Chi-square tests
Chi-square tests are non-parametric analyses that evaluate frequencies in a sample and compare those to the expected frequencies in a population. Chi-square goodness-of-fit tests look at one variable, while a chi-square difference of means test looks at two variables.
Chi-square test, goodness of fit
A chi-square goodness of fit compares your observed values to expected values. For this example, we will look at the 1988 NLSW (National Bureau of Labor + Statistics, Young Women dataset) data and use the csgof package for our analysis.
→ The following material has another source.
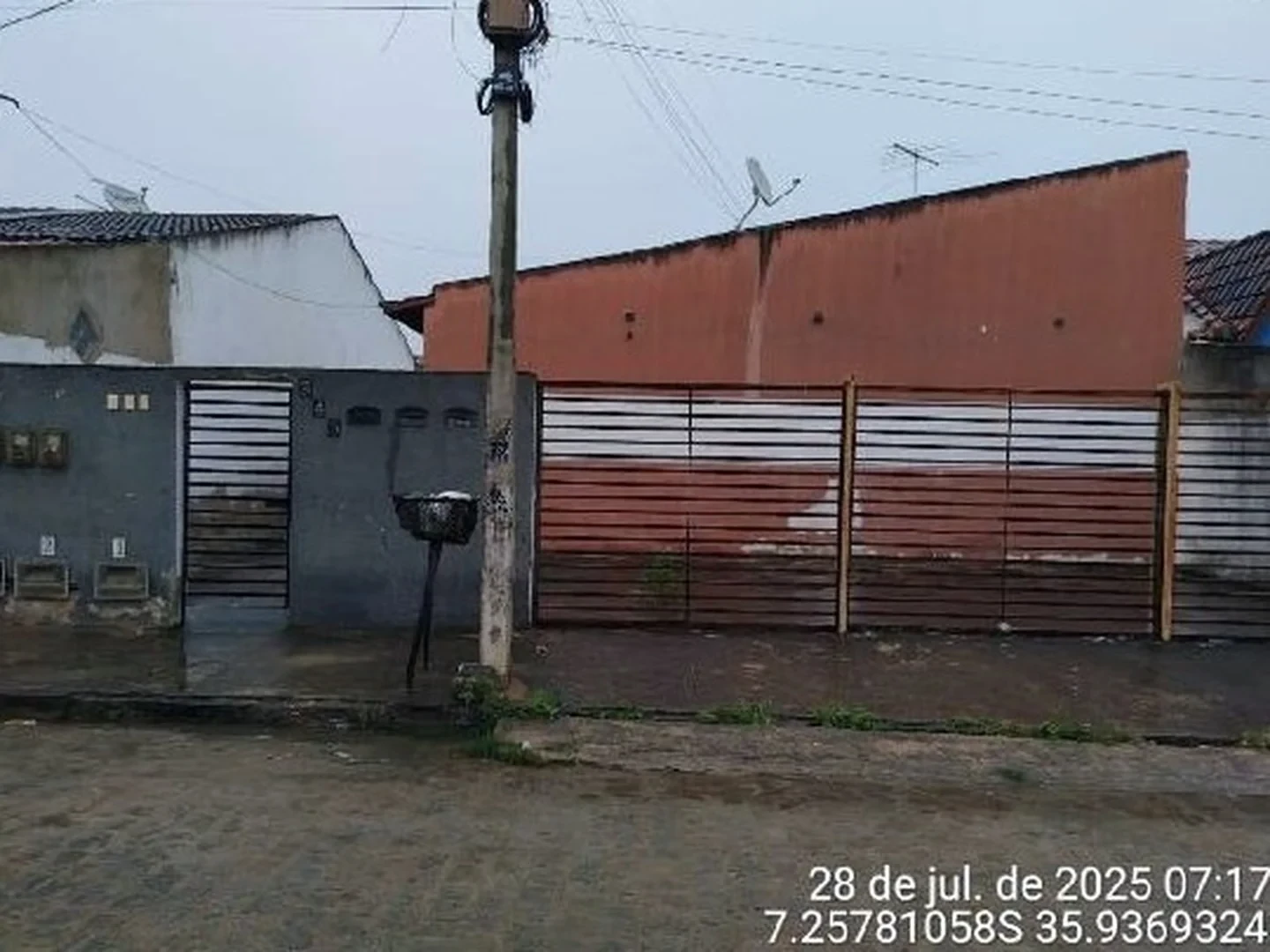 Casa - Campina Grande, PB - foto 1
First, install the csgof package. In Stata, type
findit csgof
and click on "csgof from http://www.ats.ucla.edu/stat/stata/ado/analysis". This will take you to a second screen in Stata; click on "click here to install", install the package, and then return to the command line.
Load your data and look at your data (using the browse command).
sysuse nlsw88
br
Based on other information, you hypothesize that the people captured by this dataset are mostly "race = white", with smaller frequencies of people coded as "race = black" and an even smaller group of "race = other".
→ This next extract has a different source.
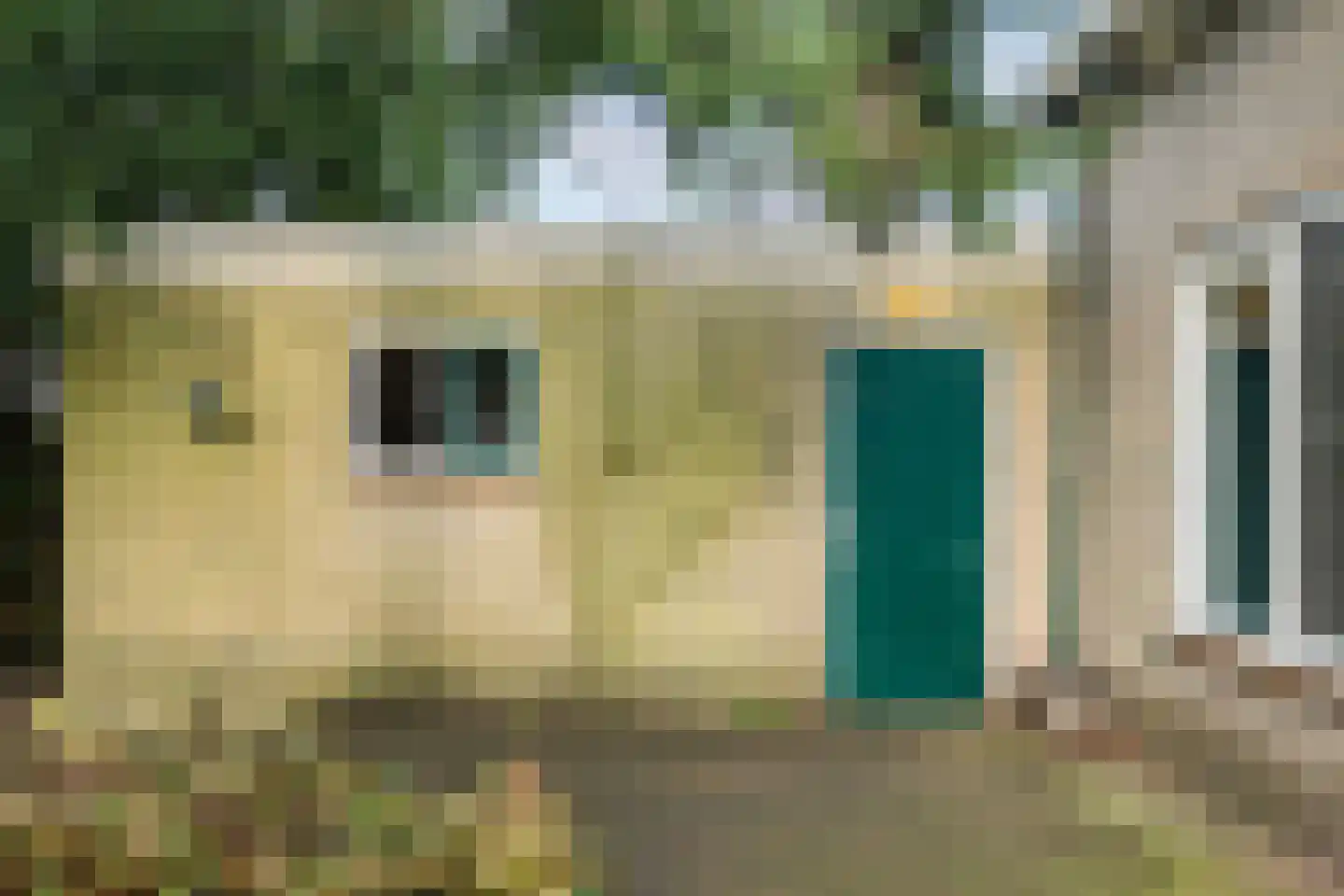 Pastoor Konijnstraat 38 Hoogkarspel thumbnail 53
csgof race, expperc(75 20 5)
These results show that the racial composition in your sample does not match your expectations.
Chi-square test, independence
Also known as the chi-square test for a difference of means, this test examines the relationship between two categorical variables. In this example, I will look at the stock Stata dataset of automobile repair data from 1978 and see if there is a relationship between a car's repair rating and whether or not it was produced in the US.
sysuse auto
tab rep78 foreign, chi2
If you wanted to see row percentages instead of frequencies, specify that in the options:
tab rep78 foreign, row nofreq chi2